> [Exercise instructions]:
Every entry, start to finish, should be printed verbatim without pictures.

Items from a data source
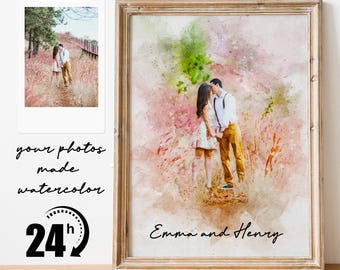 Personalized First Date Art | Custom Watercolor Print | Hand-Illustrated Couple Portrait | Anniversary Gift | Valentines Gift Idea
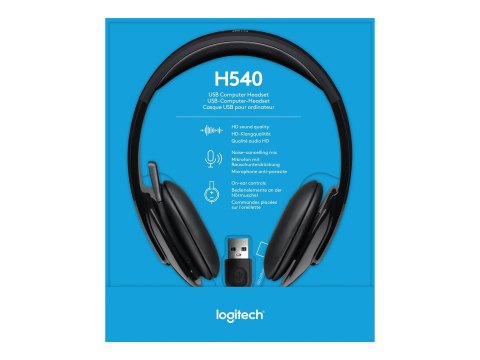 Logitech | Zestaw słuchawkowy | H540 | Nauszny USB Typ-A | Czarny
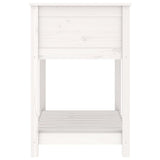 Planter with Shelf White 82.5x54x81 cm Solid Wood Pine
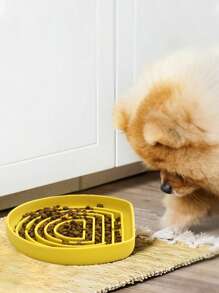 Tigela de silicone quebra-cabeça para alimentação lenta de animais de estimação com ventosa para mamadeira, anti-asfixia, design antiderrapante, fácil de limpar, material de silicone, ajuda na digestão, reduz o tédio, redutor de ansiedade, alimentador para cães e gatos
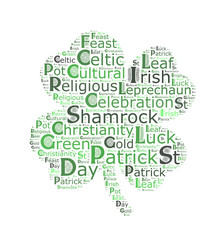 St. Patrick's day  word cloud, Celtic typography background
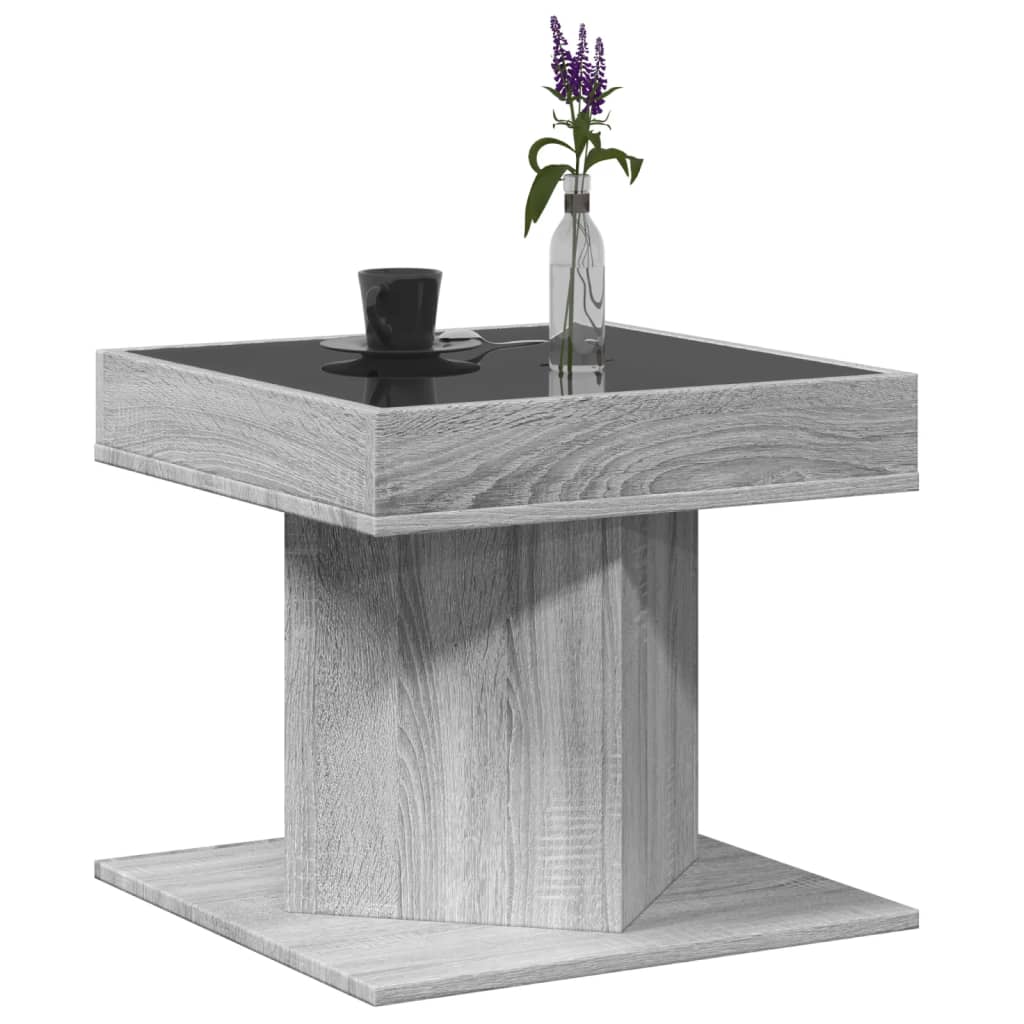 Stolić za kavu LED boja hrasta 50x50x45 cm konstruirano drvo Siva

> [Solution]:
 Personalized First Date Art | Custom Watercolor Print | Hand-Illustrated Couple Portrait | Anniversary Gift | Valentines Gift Idea
 Logitech | Zestaw słuchawkowy | H540 | Nauszny USB Typ-A | Czarny
 Planter with Shelf White 82.5x54x81 cm Solid Wood Pine
 Tigela de silicone quebra-cabeça para alimentação lenta de animais de estimação com ventosa para mamadeira, anti-asfixia, design antiderrapante, fácil de limpar, material de silicone, ajuda na digestão, reduz o tédio, redutor de ansiedade, alimentador para cães e gatos
 St. Patrick's day  word cloud, Celtic typography background
 Stolić za kavu LED boja hrasta 50x50x45 cm konstruirano drvo Siva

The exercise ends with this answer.